PRPFX and Silver

I have written about the recent performance of PRPFX.  Yesterday I wrote about the stock holdings in PRPFX.  Today, I will discuss the silver portion.

One of the main reasons to invest in the permanent portfolio as described by Harry Browne is that it provides diversification in almost any economic environment.  It tends to do the poorest during a recession, but these are usually short-lived and there is also a tendency for stable or even declining prices during those times.

The primary protection for the permanent portfolio in an inflationary environment is the 25% devoted to gold and gold related investments (but preferably not gold stocks).  There is some additional protection with stocks, but even stocks did not hold up too well in the 1970’s when there was high price inflation in the U.S.

The mutual fund PRPFX does things a little different.  It holds approximately 20% in gold and 5% in silver.  While the overall percentage in metals is the same as the regular permanent portfolio, the mutual fund deviates with silver.  The regular permanent portfolio does not have silver at all.

This is a fairly small percentage (five percent), so a major drop in silver isn’t going to completely crush the mutual fund.  However, it can make a little bit of a difference, and it can be good or bad.

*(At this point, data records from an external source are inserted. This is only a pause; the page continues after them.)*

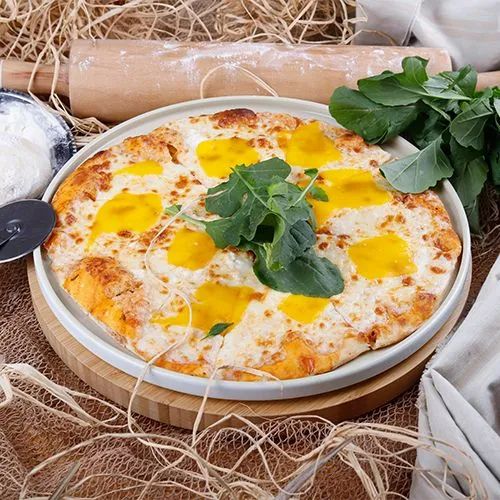 4 Peynirli Pizza - Şefin özel pizza hamuru, pizza sosu, mozeralla peyniri, baharatlı dana baton sucuk, akdeniz yeşilliği ve parmesan peyniri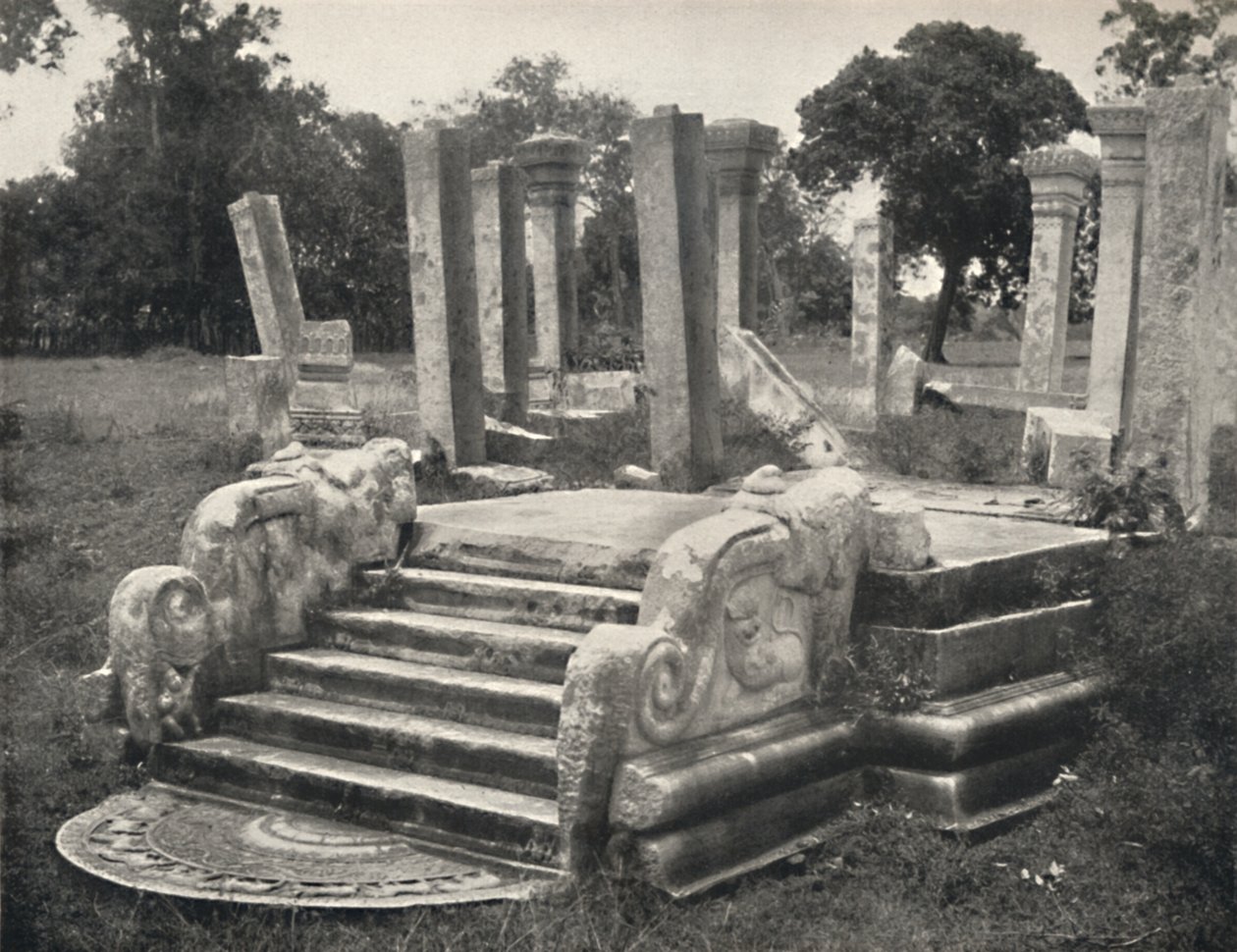 Ruínas de um salão de pilar, em frente a ele escadas com pedra da lua s. Placa 79, Anuradhapura, 1926 de Unbekannt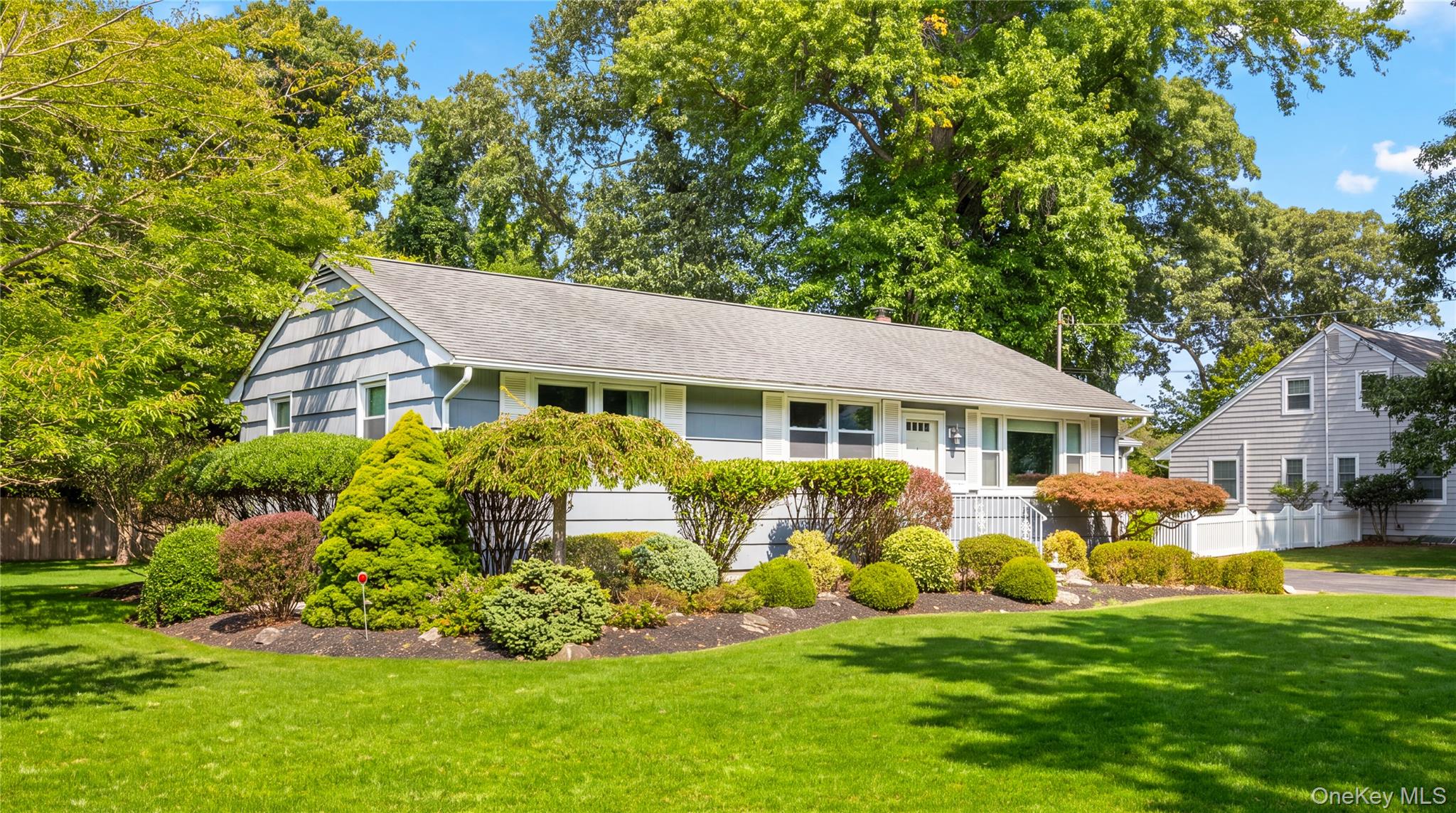 80 Evergreen Lane – For Sale photo 2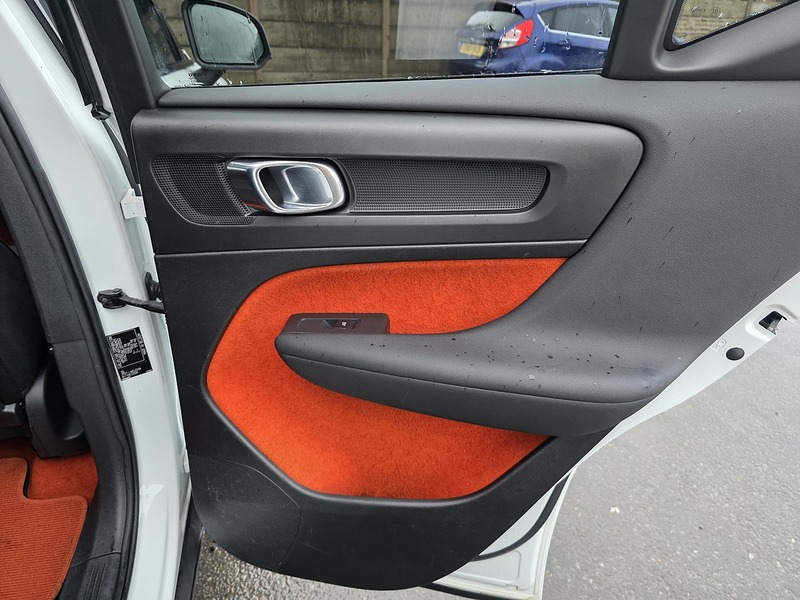 Volvo XC40 2.0 T5 First Edition SUV 5dr Petrol Auto AWD Euro 6 (s/s) (247 ps) - U2322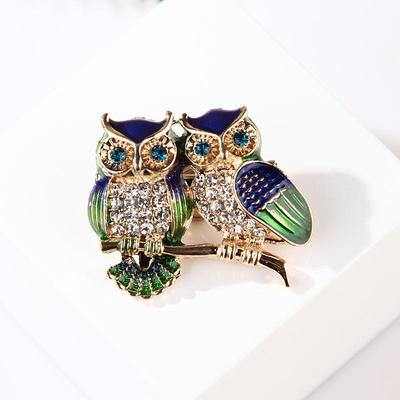 Elegant Double-Headed Owl Brooch: Creative Cross-Border Pin for Women with Exaggerated Charm and Refined Style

Silver is far more volatile than gold.  In a boom of precious metals, silver is likely to outperform gold.  In a bust period of precious metals, silver is likely to fall much further than gold.

Another difference is that silver is used more as an industrial metal.  While silver has some history of being used as money and gold has some uses outside of being money, gold is heavily favored over silver when being used as a form of money.  In a recession, silver is more likely to go down due to its uses as an industrial metal.

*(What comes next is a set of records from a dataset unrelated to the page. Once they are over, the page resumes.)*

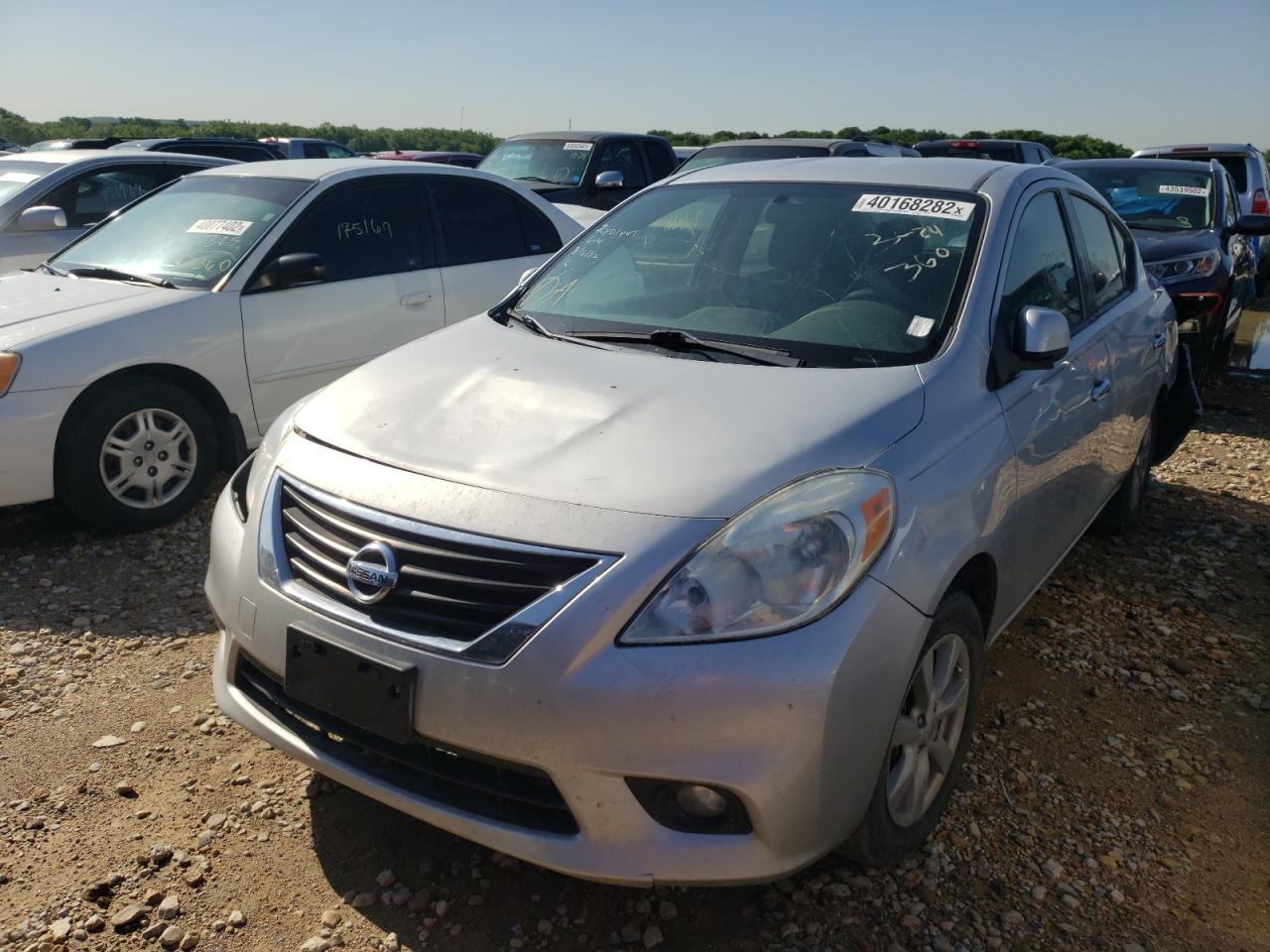 Photo 2 from auction – 2012 NISSAN VERSA S with VIN 3N1CN7AP4CL835371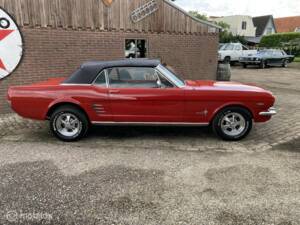 Bild 50/50 von Ford Mustang 289 (1966)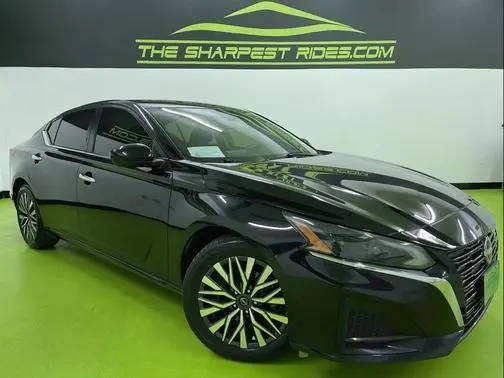 2023 Nissan Altima 2.5 SV FWD photo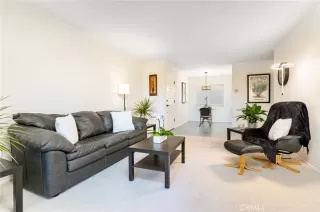 Photo #6: OC23218606 Listing 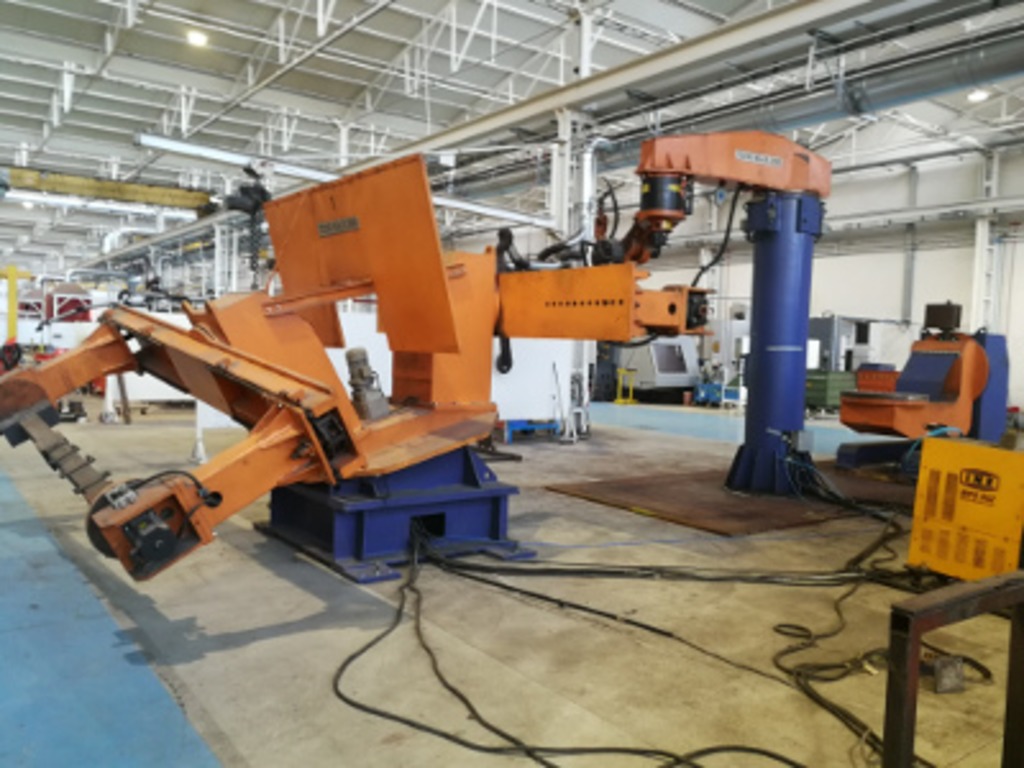 Isola Robot KUKA per saldatura mig mag-posizionatori orbitali in vendita - foto 1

Another interesting aspect is that central banks and governments hold gold.  They don’t usually hold silver.  In the past, this could have actually been a reason to prefer investing in silver over gold because central banks had more of a tendency to sell gold, thus driving down its price.  Today, I would say the opposite.  Central banks all over the world are actually increasing their gold reserves, probably because of the shaky financial system and the growing mistrust of fiat currencies.  This has seemed to put a floor on the price of gold.

As far as PRPFX, what does this mean?  It means that it will tend to be more volatile.  One of the great attractions about the permanent portfolio setup is that it tends not to move in wild swings.  You don’t feel like you are on a roller coaster the way pure stock market investors have felt over the last 4 years.  By adding a little silver to its fund, PRPFX can potentially be a little bit more volatile than the regular setup.  In a high inflationary environment, it will probably pay off.  In a recession or depression, it will probably mean bigger losses, or at least less gains, assuming that precious metals take a big hit.

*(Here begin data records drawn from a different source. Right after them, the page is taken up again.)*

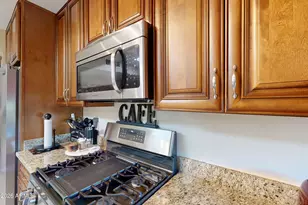 10821 W Roundelay Cir, Sun City, AZ 85351 - Photo 20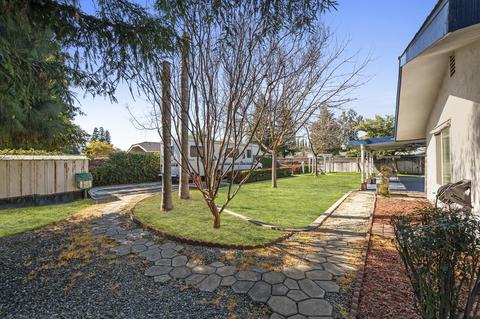 1105 E Paradise Ave, Visalia, CA 93292 photo 29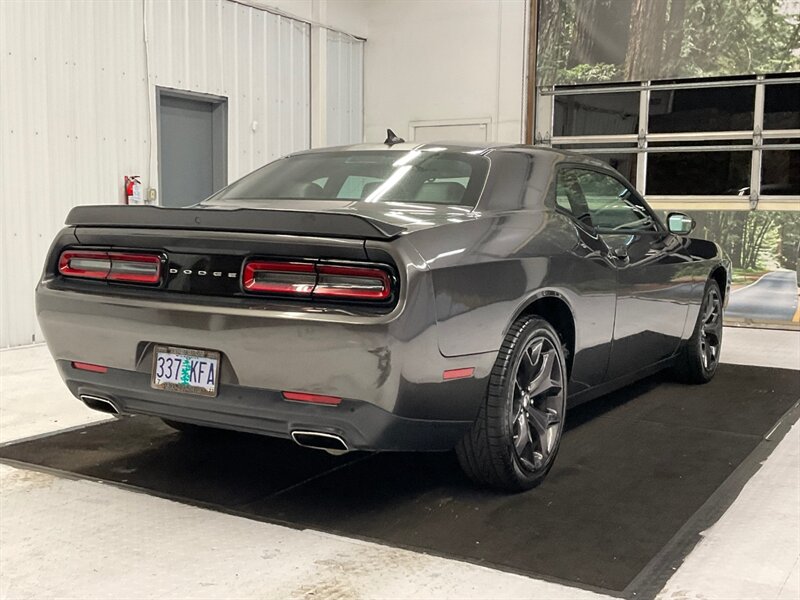 2017 Dodge Challenger SXT Plus Coupe 2Dr/3.6L V6 / Leather/40K MILES  / Heated & Ventilated Leather Seats / Backup Camera / Remote Start / Blind Spot Alert - Photo 8 - Gladstone, OR 97027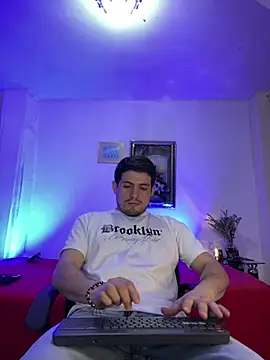 williamsmiiths16 online show from April 4, 2026, 10:16 pm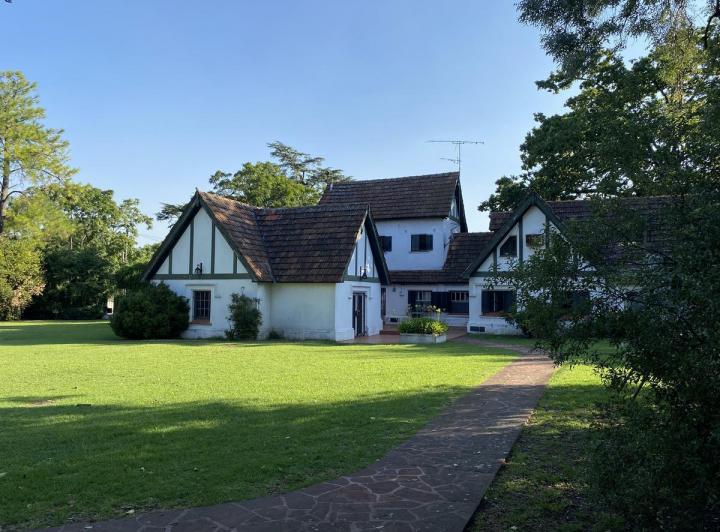 Casa · 353m² · 6 Ambientes
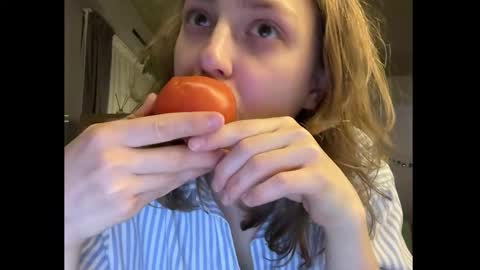 Snapshot of holydori chatting on 24, 10, 2025 dori not holy get my tg channel with link from description under last photo online show from 24, 10, 2025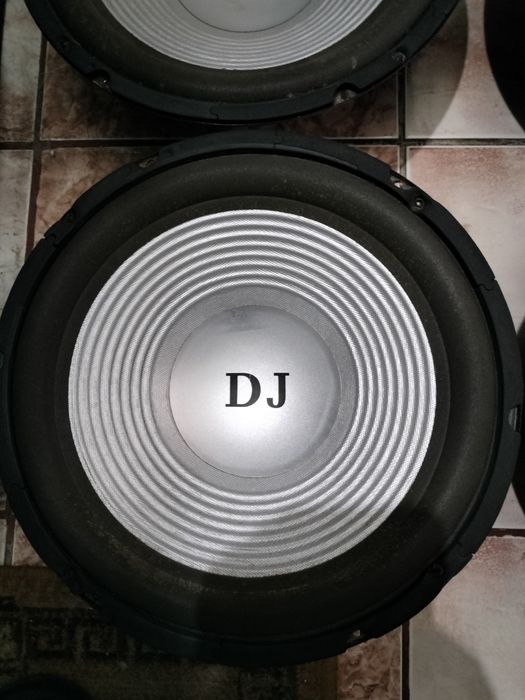 Difuzoare "pe  12" 4.buc. funcționale + Diverse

In conclusion, while it would seem that having 5% in silver would add diversification, it actually makes the fund more volatile.  This may not be a bad thing for younger and more aggressive investors, but you should at least know that there is a slight amount of increased risk due to this allocation.

2 thoughts on “PRPFX and Silver”

  1. I’ve been reading your blog for a while now and greatly appreciate your composed, well reasoned thoughts on economic matters. I’ve become interested in the idea of the permanent portfolio, but I’m not sure the best way to implement it given my situation.

    I’m in my early 30’s with a stable job. I participate in my company’s 401k plan up to the limit that they match. That currently makes up 44% of my savings.

    About 17% percent of my savings is in cash. Some in my checking account and some in a safe at home. I also have a high yield savings account (0.85% APR) where I can keep some cash, but even that seems like such a paltry rate.

    I have about 13% in physical precious metals (gold and silver).

    And finally, I have a brokerage account where about 26% of my savings is held. Of this, 28% is in a gold ETF. The remainder is in foreign funds that have not been doing too well lately.

    I’m confused by all the various ways of saving and investing. I’m not sure if I should have an IRA or Roth IRA, or what I should do with all the cash i’m sitting on that isn’t earning anything. I don’t necessarily want it tied up in an account for a long period of time. Do you have any general recommendations for a person in my situation? Am I on the right track?